>>>>

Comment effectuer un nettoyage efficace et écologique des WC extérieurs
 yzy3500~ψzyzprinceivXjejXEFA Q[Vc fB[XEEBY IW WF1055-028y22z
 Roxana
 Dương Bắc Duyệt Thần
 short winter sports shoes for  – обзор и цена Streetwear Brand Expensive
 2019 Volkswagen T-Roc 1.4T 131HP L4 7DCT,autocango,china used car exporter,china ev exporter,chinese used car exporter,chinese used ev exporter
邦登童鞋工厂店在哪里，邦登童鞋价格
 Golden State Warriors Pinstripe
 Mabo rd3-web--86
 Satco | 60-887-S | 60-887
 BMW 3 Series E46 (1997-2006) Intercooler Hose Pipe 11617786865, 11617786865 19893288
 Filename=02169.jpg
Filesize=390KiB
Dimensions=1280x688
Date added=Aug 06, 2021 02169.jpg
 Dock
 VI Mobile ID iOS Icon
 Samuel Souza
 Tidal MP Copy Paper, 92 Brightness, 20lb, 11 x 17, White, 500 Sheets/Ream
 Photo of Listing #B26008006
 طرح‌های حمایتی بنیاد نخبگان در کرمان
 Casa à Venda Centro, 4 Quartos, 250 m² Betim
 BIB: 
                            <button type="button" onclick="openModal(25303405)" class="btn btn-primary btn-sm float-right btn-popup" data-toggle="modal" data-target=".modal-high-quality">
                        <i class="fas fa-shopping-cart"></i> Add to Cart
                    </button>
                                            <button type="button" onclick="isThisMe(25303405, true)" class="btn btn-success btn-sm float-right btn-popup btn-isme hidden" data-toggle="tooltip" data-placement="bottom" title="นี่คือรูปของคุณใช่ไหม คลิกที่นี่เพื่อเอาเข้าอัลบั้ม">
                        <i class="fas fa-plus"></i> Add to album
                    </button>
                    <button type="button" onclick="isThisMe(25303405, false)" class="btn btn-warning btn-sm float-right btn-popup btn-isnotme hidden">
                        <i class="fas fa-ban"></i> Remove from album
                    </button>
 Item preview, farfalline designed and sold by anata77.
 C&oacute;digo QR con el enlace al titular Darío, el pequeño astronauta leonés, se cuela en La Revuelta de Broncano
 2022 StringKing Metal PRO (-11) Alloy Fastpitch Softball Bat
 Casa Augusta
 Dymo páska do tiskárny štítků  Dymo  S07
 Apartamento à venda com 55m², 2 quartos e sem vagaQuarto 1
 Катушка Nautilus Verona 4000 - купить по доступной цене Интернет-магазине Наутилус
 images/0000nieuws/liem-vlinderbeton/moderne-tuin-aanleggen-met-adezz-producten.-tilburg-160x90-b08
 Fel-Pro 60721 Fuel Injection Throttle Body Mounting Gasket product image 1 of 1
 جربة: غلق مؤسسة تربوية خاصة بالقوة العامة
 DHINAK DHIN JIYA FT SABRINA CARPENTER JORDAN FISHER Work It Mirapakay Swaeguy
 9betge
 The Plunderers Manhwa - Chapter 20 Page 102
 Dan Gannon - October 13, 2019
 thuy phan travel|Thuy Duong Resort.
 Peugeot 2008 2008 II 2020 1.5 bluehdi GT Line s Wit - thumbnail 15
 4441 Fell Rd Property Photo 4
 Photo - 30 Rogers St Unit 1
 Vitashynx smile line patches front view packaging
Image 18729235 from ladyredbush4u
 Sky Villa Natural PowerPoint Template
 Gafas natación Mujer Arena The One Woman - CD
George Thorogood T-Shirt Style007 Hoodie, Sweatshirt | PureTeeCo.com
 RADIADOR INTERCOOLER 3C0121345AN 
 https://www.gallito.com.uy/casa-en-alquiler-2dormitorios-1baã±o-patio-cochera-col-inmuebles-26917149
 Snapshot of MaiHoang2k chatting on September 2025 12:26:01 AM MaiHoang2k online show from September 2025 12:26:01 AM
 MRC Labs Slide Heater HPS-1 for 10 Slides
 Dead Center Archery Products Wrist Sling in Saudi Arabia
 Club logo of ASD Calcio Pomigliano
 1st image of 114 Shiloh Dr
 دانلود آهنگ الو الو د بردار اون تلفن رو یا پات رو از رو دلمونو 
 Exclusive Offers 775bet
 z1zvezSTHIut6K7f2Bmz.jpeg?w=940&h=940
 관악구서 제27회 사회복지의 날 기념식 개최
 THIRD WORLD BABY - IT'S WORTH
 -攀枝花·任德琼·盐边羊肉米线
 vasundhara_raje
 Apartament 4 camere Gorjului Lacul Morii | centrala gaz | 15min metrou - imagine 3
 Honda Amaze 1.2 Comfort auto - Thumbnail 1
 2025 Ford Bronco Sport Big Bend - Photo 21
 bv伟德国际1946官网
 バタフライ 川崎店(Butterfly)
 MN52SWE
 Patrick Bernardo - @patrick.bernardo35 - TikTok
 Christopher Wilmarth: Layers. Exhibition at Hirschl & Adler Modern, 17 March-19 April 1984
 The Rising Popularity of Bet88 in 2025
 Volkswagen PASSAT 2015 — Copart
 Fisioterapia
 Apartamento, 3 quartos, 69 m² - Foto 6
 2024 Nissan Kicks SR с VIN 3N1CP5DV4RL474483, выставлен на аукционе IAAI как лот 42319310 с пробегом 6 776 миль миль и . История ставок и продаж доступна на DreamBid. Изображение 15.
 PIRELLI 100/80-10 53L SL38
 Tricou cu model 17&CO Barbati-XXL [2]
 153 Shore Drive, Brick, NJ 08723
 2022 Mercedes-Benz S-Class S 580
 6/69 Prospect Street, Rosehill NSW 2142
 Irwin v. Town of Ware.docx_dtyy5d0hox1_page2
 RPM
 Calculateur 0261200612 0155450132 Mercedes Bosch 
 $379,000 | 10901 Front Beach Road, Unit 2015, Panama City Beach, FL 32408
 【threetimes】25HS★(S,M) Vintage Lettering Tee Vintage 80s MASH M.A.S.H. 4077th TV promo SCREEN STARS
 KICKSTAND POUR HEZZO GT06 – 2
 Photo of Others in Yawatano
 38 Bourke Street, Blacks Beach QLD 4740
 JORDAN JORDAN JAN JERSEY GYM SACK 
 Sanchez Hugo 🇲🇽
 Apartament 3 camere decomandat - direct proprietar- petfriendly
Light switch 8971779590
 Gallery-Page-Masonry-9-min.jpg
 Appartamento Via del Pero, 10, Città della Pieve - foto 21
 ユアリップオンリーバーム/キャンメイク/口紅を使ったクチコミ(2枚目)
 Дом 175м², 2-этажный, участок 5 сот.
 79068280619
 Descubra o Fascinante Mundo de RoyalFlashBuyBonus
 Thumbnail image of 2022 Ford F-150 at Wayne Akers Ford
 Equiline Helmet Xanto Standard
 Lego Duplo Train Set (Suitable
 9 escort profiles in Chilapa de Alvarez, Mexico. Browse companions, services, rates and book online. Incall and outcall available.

<<<<

Directions >> Find each line in the data above with the word "Ford", then copy it.

Response >>
 2025 Ford Bronco Sport Big Bend - Photo 21
 Thumbnail image of 2022 Ford F-150 at Wayne Akers Ford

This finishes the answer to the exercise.